YOUR GOAL: Return each line of the data below exactly, omitting any pictures.

DATA SECTION:
▼
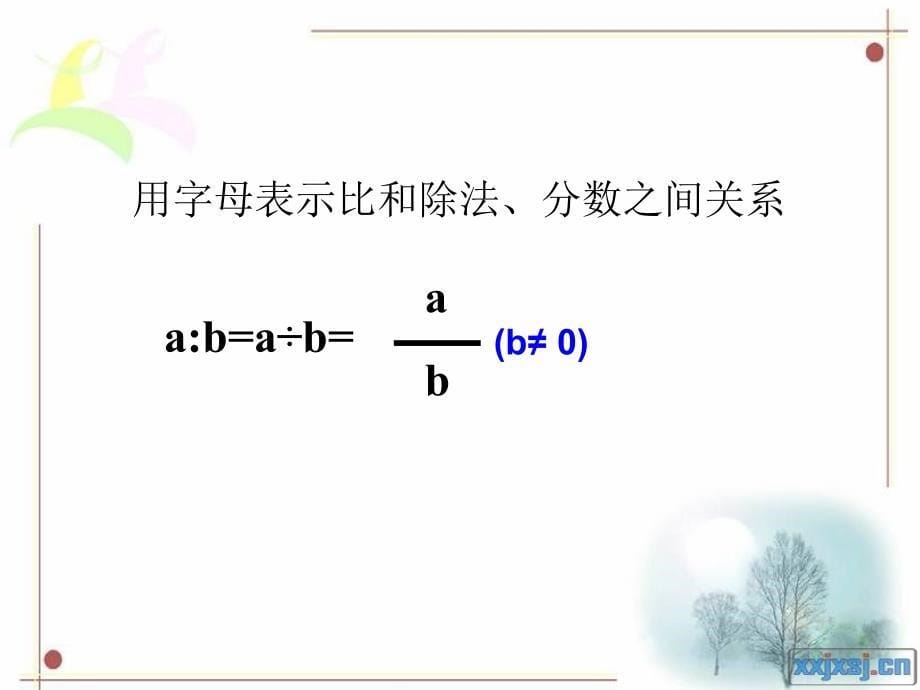 3比和比的应用总复习m_第5页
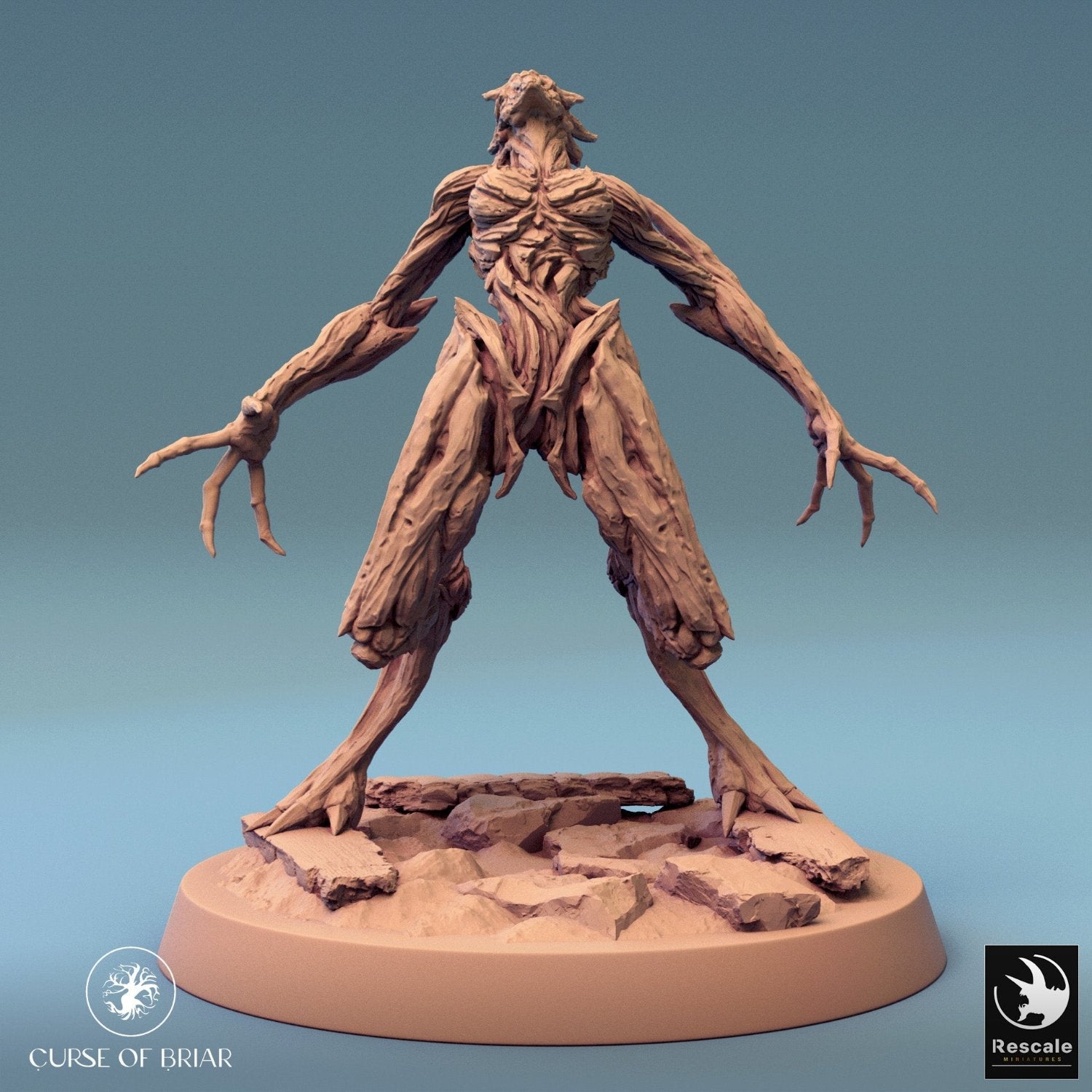 Wood Fey Light Set 2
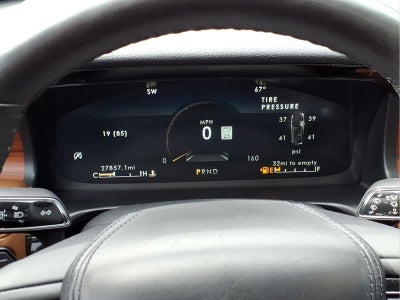 2024 Lincoln Aviator Reserve Premium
▲
WRITTEN ANSWER:
 3比和比的应用总复习m_第5页
 Wood Fey Light Set 2
 2024 Lincoln Aviator Reserve Premium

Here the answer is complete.